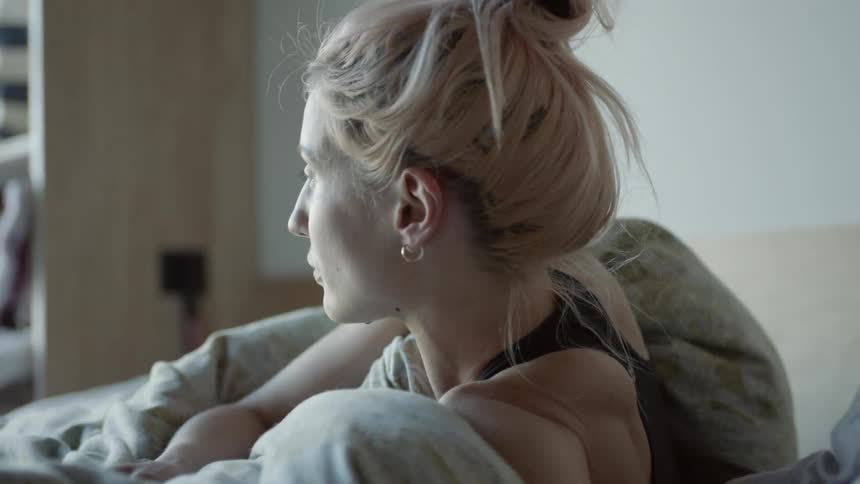 A woman rolls around and gets up in bed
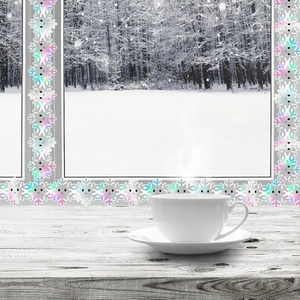 Holographic snowflake border decoration on window with warm winter holiday cozy aesthetic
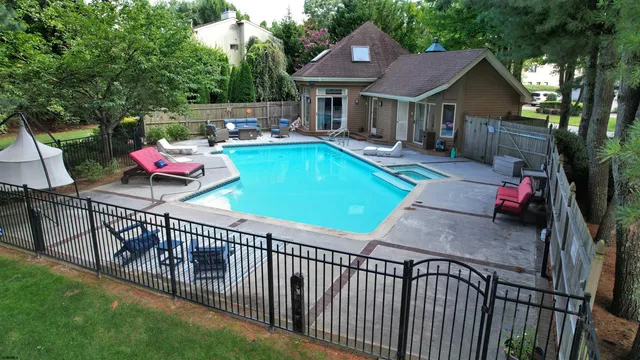 an aerial view of a house with a yard and lake view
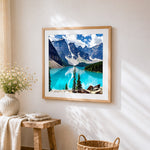 Snowy mountains and turquoise lake paint by numbers artwork displayed on wall as home decor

- [TASK BRIEF]
The copy should hold, exactly, the lines from the one containing "an aerial view" to the final line of the listing above, with both ends present and no pictures.

- [RESULT BELOW]
 an aerial view of a house with a yard and lake view
 Snowy mountains and turquoise lake paint by numbers artwork displayed on wall as home decor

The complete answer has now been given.